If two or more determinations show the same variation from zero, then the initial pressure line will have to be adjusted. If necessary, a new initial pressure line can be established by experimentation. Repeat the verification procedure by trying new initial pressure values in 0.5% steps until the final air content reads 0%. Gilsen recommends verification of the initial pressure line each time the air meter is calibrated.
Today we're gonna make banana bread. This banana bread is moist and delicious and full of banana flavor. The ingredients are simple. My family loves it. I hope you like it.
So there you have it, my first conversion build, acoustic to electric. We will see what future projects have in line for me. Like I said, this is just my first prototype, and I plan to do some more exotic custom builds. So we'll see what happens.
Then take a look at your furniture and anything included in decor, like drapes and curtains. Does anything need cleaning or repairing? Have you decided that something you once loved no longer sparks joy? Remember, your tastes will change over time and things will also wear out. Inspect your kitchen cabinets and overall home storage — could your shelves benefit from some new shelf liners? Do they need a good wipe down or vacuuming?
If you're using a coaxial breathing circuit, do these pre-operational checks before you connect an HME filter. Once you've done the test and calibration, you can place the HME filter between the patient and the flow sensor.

+ + + +

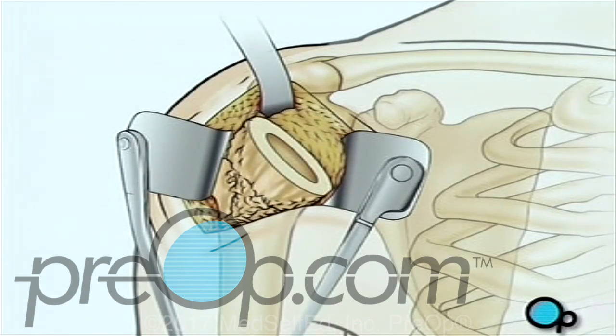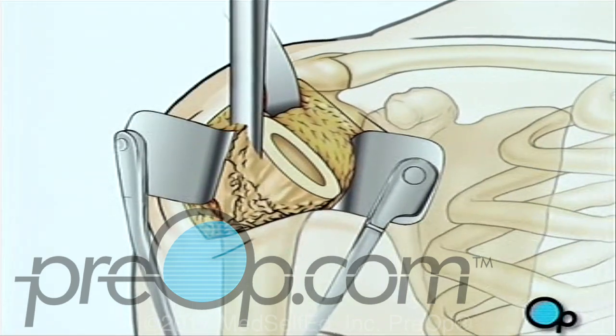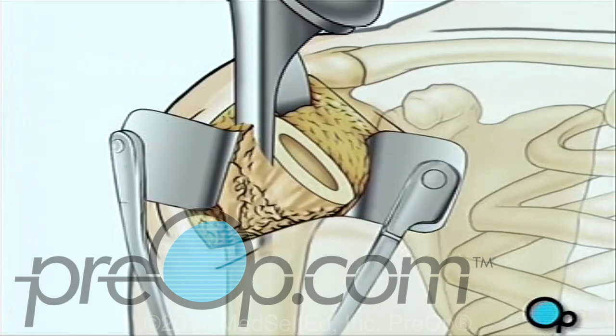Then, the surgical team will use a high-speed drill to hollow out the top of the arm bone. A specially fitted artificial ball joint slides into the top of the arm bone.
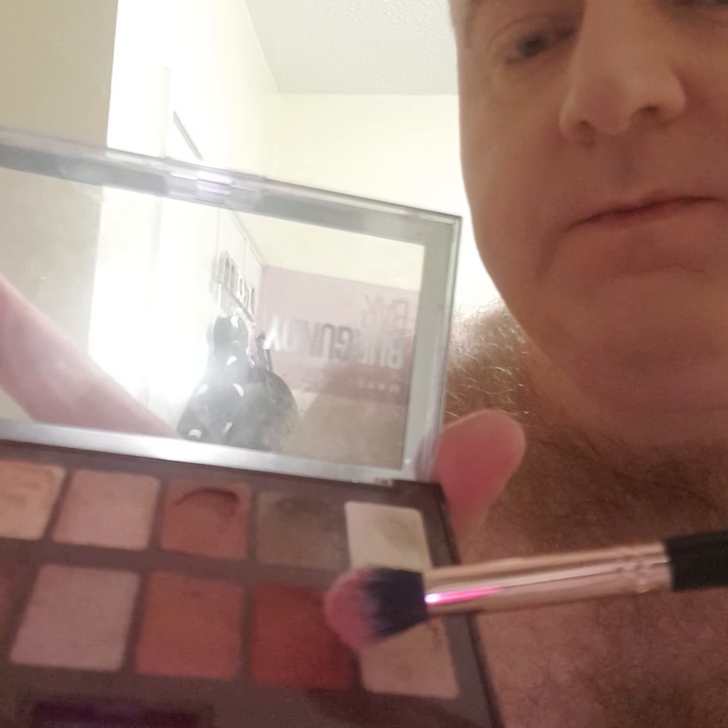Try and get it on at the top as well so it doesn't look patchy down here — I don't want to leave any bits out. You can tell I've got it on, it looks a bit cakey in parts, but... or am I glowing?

+ + + +

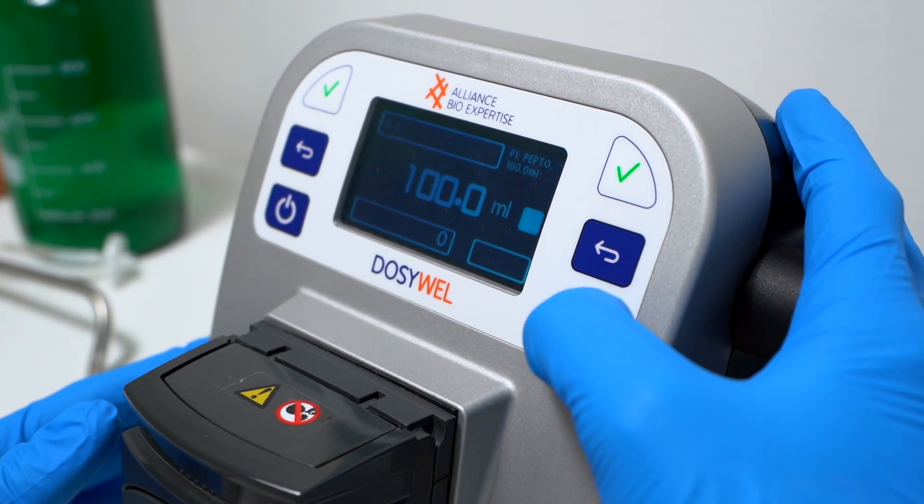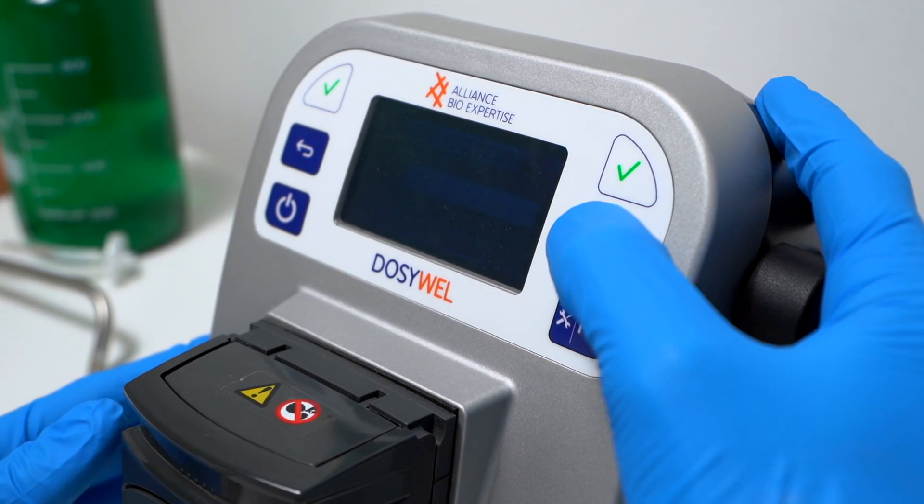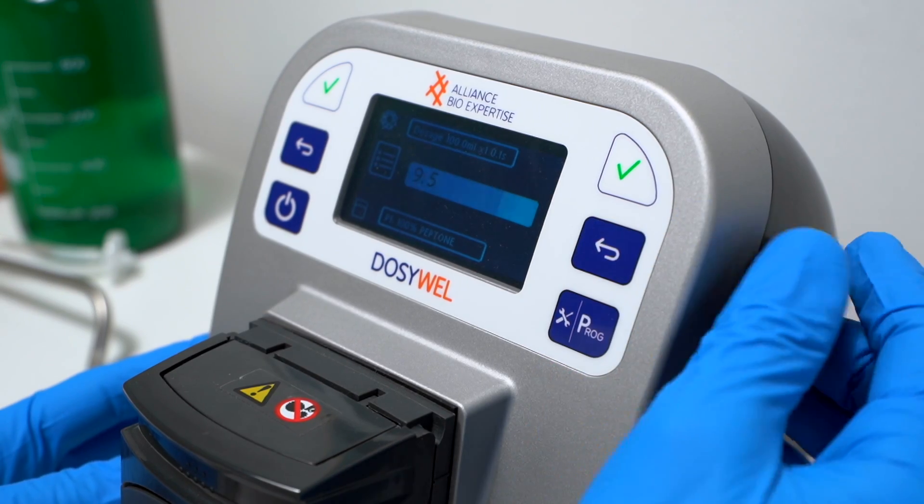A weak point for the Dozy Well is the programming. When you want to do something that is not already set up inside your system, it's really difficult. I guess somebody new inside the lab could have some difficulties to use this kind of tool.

+ + + +

Look above for the line with "If two or more" and the line with "Today we're gonna", and reproduce exactly those two lines plus every line between, nothing more.

— Solution to this task —
If two or more determinations show the same variation from zero, then the initial pressure line will have to be adjusted. If necessary, a new initial pressure line can be established by experimentation. Repeat the verification procedure by trying new initial pressure values in 0.5% steps until the final air content reads 0%. Gilsen recommends verification of the initial pressure line each time the air meter is calibrated.
Today we're gonna make banana bread. This banana bread is moist and delicious and full of banana flavor. The ingredients are simple. My family loves it. I hope you like it.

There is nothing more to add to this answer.